FROM 1999:  JENKINS-DENSMORE EXCHANGE

 

 

---------- Forwarded message ----------

Date: Wed, 26 May 1999 10:46:53 EDT

From: Henry Jenkins <henry3@MIT.EDU>

To: Bill Densmore <densmore@rmc1.crocker.com>

Subject: Re: IIPC: Preserving Information Democracy; the media role

 

Bill:

 

Thanks for sharing this. I enjoyed our conversation yesterday. It is clear we are thinking along somewhat similar lines. I am sketching this in swiftly so I hope it is clear. In any case, we can discuss it more fully.

 

My own research has centrally concerned the ways that popular audiences consume and create value from the resources provided them by the mass media.

 

As I suggested yesterday, I don't find the lowest common denominator model helpful for thinking about the success of most popular entertainment.
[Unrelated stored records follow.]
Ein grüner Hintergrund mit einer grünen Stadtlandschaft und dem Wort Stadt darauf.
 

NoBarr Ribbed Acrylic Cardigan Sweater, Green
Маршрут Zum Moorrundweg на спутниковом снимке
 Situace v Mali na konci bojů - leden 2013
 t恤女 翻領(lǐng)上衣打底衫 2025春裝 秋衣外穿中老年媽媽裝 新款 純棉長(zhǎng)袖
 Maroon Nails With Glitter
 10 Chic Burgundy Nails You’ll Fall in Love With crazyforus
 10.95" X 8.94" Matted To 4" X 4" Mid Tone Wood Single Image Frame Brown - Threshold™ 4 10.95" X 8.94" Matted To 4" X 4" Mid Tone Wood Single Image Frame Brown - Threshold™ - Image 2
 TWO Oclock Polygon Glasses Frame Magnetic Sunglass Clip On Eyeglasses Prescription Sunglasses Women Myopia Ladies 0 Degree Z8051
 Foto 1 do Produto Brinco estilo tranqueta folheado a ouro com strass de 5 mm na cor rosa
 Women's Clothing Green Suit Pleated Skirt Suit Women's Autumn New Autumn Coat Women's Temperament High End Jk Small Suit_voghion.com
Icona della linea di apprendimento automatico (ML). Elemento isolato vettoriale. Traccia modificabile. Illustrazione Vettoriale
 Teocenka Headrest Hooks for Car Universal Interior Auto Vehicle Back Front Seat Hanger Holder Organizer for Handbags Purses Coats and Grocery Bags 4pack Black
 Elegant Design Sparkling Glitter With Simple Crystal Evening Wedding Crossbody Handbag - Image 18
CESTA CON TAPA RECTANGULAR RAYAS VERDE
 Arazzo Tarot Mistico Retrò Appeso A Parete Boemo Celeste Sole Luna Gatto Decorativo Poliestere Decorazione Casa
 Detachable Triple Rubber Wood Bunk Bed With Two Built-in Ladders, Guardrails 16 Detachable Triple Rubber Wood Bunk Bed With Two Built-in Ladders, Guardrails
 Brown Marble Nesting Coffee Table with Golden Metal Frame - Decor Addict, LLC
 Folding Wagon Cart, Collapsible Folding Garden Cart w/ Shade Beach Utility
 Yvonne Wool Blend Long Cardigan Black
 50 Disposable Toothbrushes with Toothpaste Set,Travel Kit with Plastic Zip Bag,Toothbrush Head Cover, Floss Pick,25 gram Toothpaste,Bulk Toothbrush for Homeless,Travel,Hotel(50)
Rather, I see the popular audience composed of a coalition of different audience interests who may share certain programs, films, stories in common but who get fundamentally different things from them and who interact with them in different ways.

 

The most creative producers understand this now, while the broadcasting paradigm helps to mask the degree of diversity and fragmentation of the contemporary media audience. It is clearer when we go on line and survey the range of web sites constructed around a particular series or parse through the flame wars on fan discussion lists which occur when radically different reading publics are brought together.

 

A second focus of my research concerns what I call "cultural convergence," which refers to the social and cultural changes in how we relate to media content in our everyday life that help prepare the way and establish the marketviability of technological convergence.

 

When we try to understand what is happening in our culture, we see two things: A growing desire to participate more fully in our media culture -- not just as passive consumers but active transformers of media content -- and a growing tendency to tighten corporate control over intellectual property law. This is resulting in a crackdown on fan web sites, MP3 files, etc. and thus a closing off of the cultural participation encouraged by the web.

 

Now, here's what I imagine occurring when we add something like your Clickshare to the mix -- along with dramatic improvements in the delivery technology for digital media:

 

1)      All television content becomes available via some form of webtv, including past episodes. If I want to join a series midprogress, I can go back and watch earlier episodes for a reasonable rate with micropayments as the means of exchange between me and the television producers.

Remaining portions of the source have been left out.